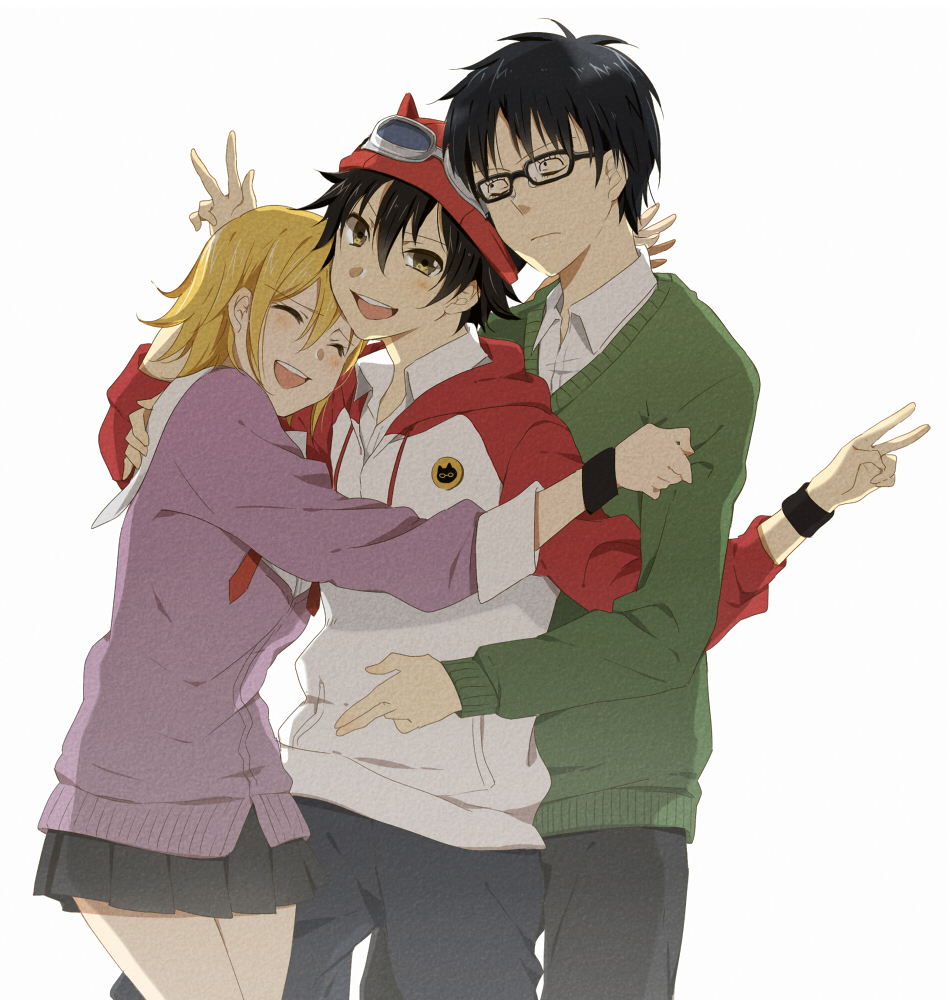 2boys, :d, black_hair, blonde_hair, brown_eyes, closed_eyes, drawn_on_eyes, eyes_closed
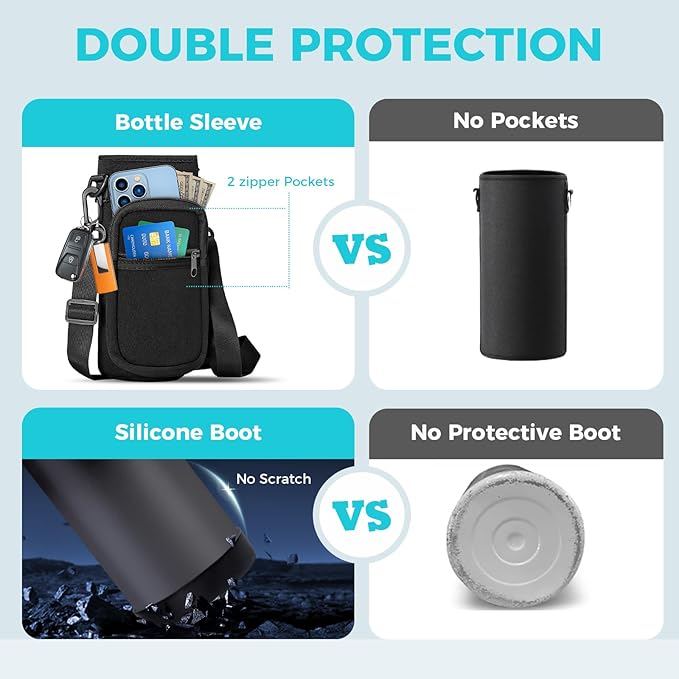 Insulated Water Bottle 32 oz - Straw & Chug Lid, Paracord Handle, Metal Water Bottles Holder with Strap, Water Bottle Boot, Triple Wall Vacuum Flask Thermo Flask with Straw Keep Cold 48H Hot 24H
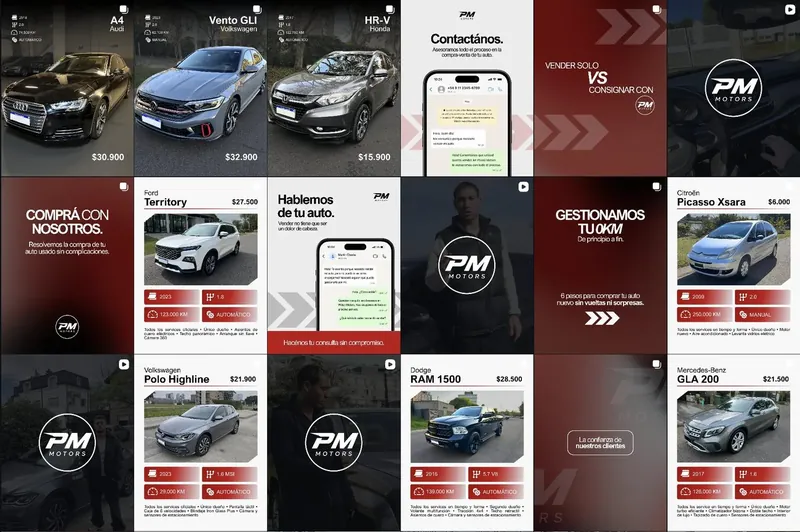 Feed de Instagram de Peisci Motors con fotos de autos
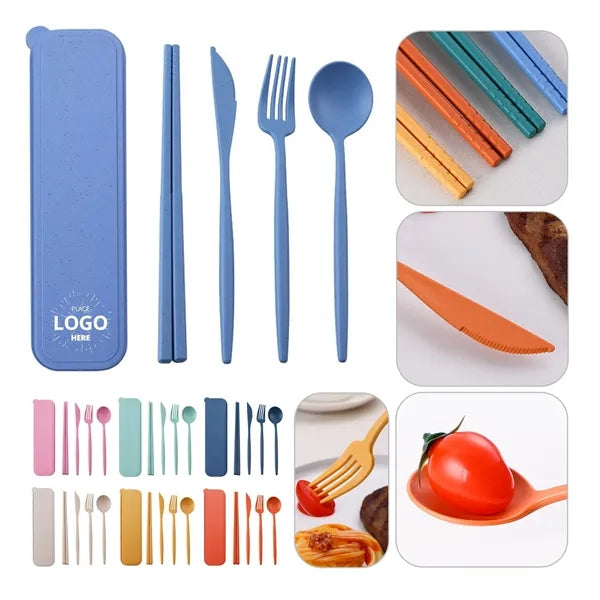 Wheat Straw Cutlery Portable Utensils Spoon Fork Knife Sets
────────
**Work item:** Quote everything in the listing above exactly; pictures are the only thing to omit.

**Response area:**
 2boys, :d, black_hair, blonde_hair, brown_eyes, closed_eyes, drawn_on_eyes, eyes_closed
 Insulated Water Bottle 32 oz - Straw & Chug Lid, Paracord Handle, Metal Water Bottles Holder with Strap, Water Bottle Boot, Triple Wall Vacuum Flask Thermo Flask with Straw Keep Cold 48H Hot 24H
 Feed de Instagram de Peisci Motors con fotos de autos
 Wheat Straw Cutlery Portable Utensils Spoon Fork Knife Sets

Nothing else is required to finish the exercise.